(From September 2013)
Investigators from the Department of Elementary and Secondary Education (DESE) are already reviewing Joplin R-8 School District records and the scope of their inquiry may involve far more than originally expected.
Sources within the R-8 administration told the Turner Report and Inside Joplin that DESE had started its investigation after receiving information indicating possible misuse of Title I and IDEA funds, essentially to pay for the district's teaching and learning coaches, which, contrary to upper-level administrators' claims that they are there to assist teachers who need help, have mostly been used as another level of administration, serving as the eyes and ears in each school for those at 32nd and Duquesne.
The increasing scope of the investigation appears to involve operations at Joplin High School. The investigators have asked for certain documents, though which ones were not known by the Turner Report's sources.

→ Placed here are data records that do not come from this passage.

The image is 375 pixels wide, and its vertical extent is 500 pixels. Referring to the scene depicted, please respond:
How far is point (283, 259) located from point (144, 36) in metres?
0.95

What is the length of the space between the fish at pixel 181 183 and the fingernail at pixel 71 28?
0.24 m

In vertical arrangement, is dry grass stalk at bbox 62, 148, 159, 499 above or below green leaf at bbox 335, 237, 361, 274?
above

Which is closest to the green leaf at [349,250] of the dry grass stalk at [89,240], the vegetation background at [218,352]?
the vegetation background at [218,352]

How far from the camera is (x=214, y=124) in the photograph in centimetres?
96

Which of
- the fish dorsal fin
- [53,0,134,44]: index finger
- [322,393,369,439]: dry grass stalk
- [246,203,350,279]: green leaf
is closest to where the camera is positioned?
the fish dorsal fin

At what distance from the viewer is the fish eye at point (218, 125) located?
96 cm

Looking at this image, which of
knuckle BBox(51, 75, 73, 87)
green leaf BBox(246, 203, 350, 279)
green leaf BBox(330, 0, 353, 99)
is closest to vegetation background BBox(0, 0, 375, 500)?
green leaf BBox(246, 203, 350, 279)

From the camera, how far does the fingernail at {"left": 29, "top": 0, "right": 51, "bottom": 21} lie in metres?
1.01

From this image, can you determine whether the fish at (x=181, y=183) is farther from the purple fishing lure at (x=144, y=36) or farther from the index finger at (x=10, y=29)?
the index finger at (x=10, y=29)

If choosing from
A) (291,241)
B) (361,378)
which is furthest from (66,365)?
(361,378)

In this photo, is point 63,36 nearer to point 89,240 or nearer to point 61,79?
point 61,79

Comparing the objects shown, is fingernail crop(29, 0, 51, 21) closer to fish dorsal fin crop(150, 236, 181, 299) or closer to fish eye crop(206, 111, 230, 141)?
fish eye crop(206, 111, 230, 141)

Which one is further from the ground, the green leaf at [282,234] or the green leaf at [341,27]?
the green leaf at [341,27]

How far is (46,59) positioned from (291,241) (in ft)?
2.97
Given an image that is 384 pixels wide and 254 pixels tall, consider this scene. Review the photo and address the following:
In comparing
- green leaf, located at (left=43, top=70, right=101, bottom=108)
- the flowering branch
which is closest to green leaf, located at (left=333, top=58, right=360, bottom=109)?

Previous interviews with teachers, students, and members of administration have raised some possibilities of what might be on the investigators' minds.
Graduation rate
Teachers who have talked to the Turner Report have indicated that they have been under increasing pressure the past few years to bring students' grades up. When the teachers have told administrators that a particular student refuses to do work, for instance, the teachers have been told it is their responsibility to make sure the student doesn't fail or it will be the teacher's fault.

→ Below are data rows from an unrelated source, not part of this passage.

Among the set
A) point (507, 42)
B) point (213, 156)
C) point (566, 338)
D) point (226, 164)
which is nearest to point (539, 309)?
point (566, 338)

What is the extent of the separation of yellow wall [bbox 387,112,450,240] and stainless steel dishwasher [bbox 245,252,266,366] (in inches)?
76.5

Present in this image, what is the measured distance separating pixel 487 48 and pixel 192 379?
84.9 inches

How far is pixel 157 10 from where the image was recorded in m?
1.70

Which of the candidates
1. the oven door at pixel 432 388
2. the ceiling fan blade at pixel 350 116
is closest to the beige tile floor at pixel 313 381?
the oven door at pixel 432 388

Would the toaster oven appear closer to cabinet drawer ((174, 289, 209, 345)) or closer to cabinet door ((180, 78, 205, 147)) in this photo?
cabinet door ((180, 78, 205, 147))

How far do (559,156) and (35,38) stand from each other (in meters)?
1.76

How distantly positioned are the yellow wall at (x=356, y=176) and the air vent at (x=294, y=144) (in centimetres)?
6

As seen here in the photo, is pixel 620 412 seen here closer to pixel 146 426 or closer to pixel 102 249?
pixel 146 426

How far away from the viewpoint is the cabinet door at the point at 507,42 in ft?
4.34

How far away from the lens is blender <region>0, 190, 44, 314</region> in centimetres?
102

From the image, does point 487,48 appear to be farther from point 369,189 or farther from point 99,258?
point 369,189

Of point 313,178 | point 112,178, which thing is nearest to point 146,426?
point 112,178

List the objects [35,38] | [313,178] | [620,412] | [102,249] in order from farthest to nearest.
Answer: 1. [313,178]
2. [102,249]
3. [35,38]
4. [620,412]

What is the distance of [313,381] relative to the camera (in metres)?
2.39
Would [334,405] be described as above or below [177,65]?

However, vague threats (which administrators might refer to as misinterpreted messages) would be difficult for an investigator to pin down.
What might not be as difficult are the students who have somehow managed to make it across the stage and receive diplomas (or get them after a super-accelerated summer school session) when they have not done the work and sometimes not bothered to show up.
An examination of how students have been counted and comparing a few names among those who started out and those who graduated could be a wise use of time for the investigators.
Despite the party at the Holiday Inn last month, not many of those who talked with the Turner Report have faith that the graduation statistics were accurate.
Graduation rates are one of the determining factors for which schools receive accreditation.
Attendance
Attendance has become a rather fluid term at Joplin High School, where a seat that is empty for 48 out of 50 minutes suddenly counts toward state funding again if the student shows up two minutes before the end of the period.
Two teachers told the Turner Report that on Infinite Campus, students who show up just before the class ends are referred to as LA (or late arrival) instead of absent. Investigators need to be sure to check Infinite Campus, the computer system the district used for grades and attendance and get with teachers to find out what all of the different codes mean.
Sometimes a student's status is classified as "skipped class, but in the building," and if you are considering the whole of Northpark Mall as the building at the 11-12 center, that could very well be accurate.
Students have also indicated that they have missed days, but then found that their records show that they attended on those particular days.
A major concern for the teachers have been students who have been suspended from school, were dropped from the rosters, but the teachers were asked to continue supplying work for them. Those students were then re-enrolled as new students and the days they were gone did not count against the district.
The district receives state funding on the basis of attendance. The percentage of attendance is one of the factors used to determine if the school receives accreditation.
Again, those talked to by the Turner Report believe that the district's claim of having 95 percent attendance is off by a wide margin.